En la primera cuadra todos los frentes son de mármol, como si los arquitectos del cementerio cercano hubieran extendido su gusto metros afuera, hasta tocar las residencias de los vivos. A mano izquierda está el Alvear Palace Hotel, donde un portero vestido de librea recibe a los turistas que llegan. A mano derecha están Cartier y la camisería Georgie. Todavía es zona de departamentos; en un garage, tres custodios de audífono y lentes oscuros esperan la salida del patrón.
Hay que seguir adelante y cruzar Callao para entrar al corazón de la avenida, donde ya aparecen las fachadas palaciegas. Los negocios se espacian, sólo hay un puñado de firmas. Armani, por ejemplo, donde un jean cuesta… ¡357 dólares! En el local se ve una sola clienta, una mujer que revisa la ropa, separa una pollera (1.600 pesos), un saco (1.176) y se los da a la vendedora.
A cien metros, Cat Ballou muestra en vidriera vestidos largos, de fiesta, y cuadros pintados por niños. Son dibujos colorinches, retratos. Tienen un cartel: “these paintings are for sale / made by children in Argentina / childrens from under privileged families”.
La dueña del local es Florencia. Rubia, de pelo largo, 50 años y un no sé qué de hippie muy chic.
–Son increíbles, ¿no? –dice–; los hacen con una australiana, una artista: Janet. Janet es in-cre-í-ble. Esto funciona por ella, y además porque va Peter, que es un bombón, otro australiano que… –abre mucho los ojos, busca la palabra exacta– …es un bombón. Si voy yo, seguro que no consigo nada, pero va Janet con Peter, les ponen música y en la villa enloquecen.
–¿Se hizo en escuelas de acá?
–En La Boca, sí; y en el interior.
Muestra unas fotos:
–Yo iba a ir, pero la gente de Poder Ciudadano, que está en el proyecto, me dijo que ahí no me conviene ir… imaginate lo que debe ser. Igual si voy, seguro no consigo nada. Todo sale realmente por Janet, que es una artista bárbara, una genia. Vení que hay más– y corre al sótano.
Bajamos. Al pie de la escalera hay un salón de ventas. Y en la pared más cuadros, del mismo tamaño que los anteriores, aunque éstos ya no parecen pintados por niños. Ya no se ven caras sino manchas, figuras deformadas, abstractas. Y deslumbrantes.
–Son de chicos con problemas, los que tuvieron abusos, creemos, porque les dieron a todos la consigna de hacer un autoretrato, pero éstos no pueden verse, ni mirarse la cara, fijate vos.

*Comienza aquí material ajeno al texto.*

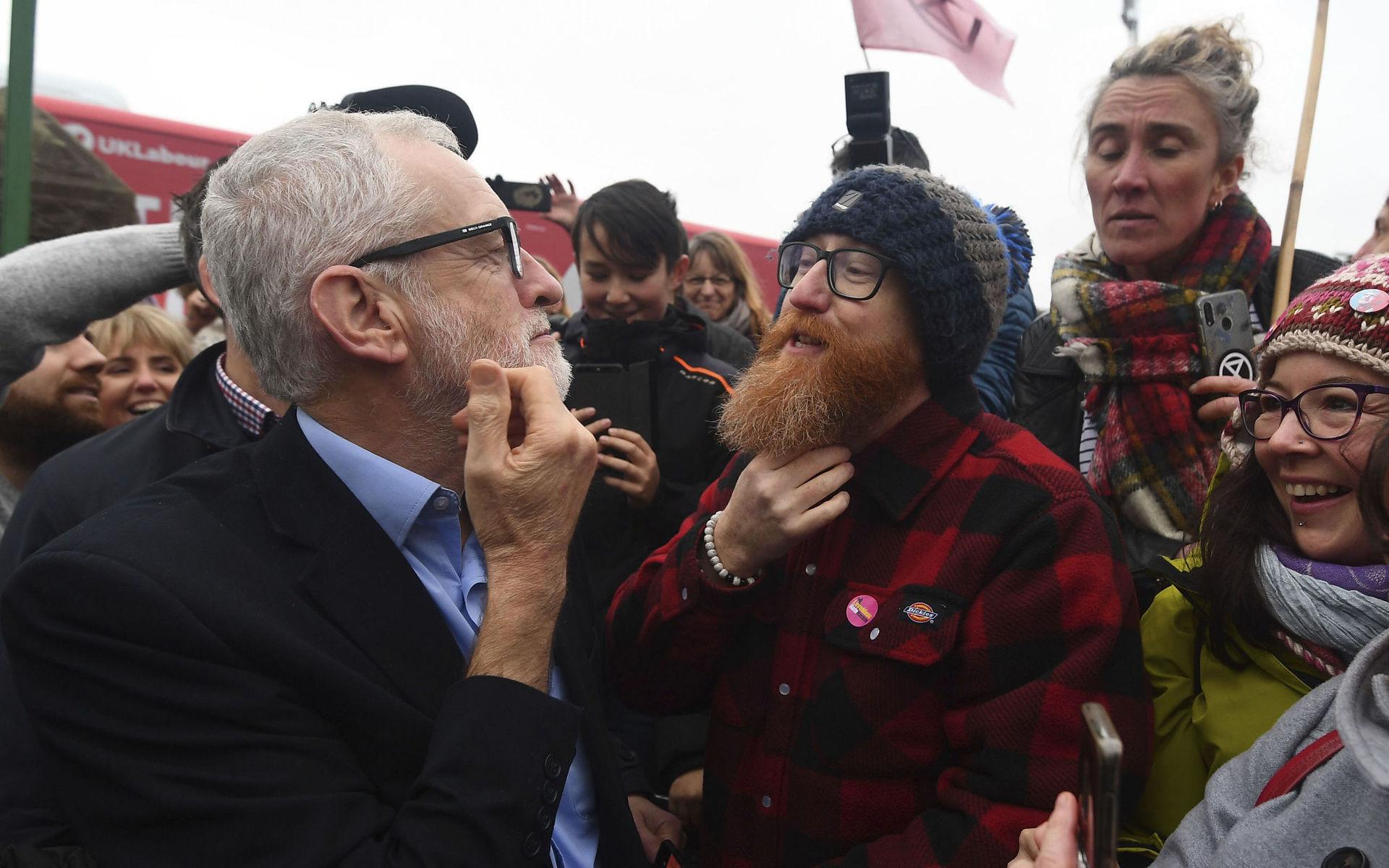 Labour Party leader Jeremy Corbyn compares beards with a supporter during a visit to Swansea, while on the General Election campaign trail in Wales, Saturday, Dec. 7, 2019. Britain goes to the polls on Thursday, Dec. 12. (Victoria Jones/PA via AP)  LLT806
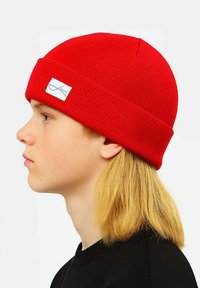 Red knitted beanie with a folded cuff, featuring a white logo patch. Soft texture and close-fitting design. No additional embellishments.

–¿Y no los ponen en vidriera?
–No. A éstos no.
Subimos. En la calle se ve un palo borracho que se inclina, cargado de flores, sobre un farol. La dueña atiende a dos turistas. Cuando se desocupa, le pregunto si vendió algún cuadro.
–Ya vendí cuatro. ¡Un éxito total! Hasta vino una marchand, porque parece que el arte infantil está de moda, si en las últimas subastas de Nueva York se vendió arte de niños.
Me acompaña a la puerta. Un vientito arrastra por las baldosas las flores lilas. El otoño es la estación más linda de Buenos Aires.
–¿Qué le gusta de la Avenida Alvear? –es lo último que me animo a preguntarle.
–Querida –dice, señalando la calle–, que tiene glamour…!
Me voy caminando, pero incómoda. Me doy cuenta (tarde) de que no le pregunté a la dueña qué es glamour. Pero no vuelvo (¿será por vergüenza?). Además, ya estoy llegando al fin del recorrido, a una pequeña plaza de estilo europeo donde un monumento a Carlos Pellegrini refulge blanquísimo. La avenida es única, sin dudas. En los canteros, los jardineros sólo siembran flores blancas.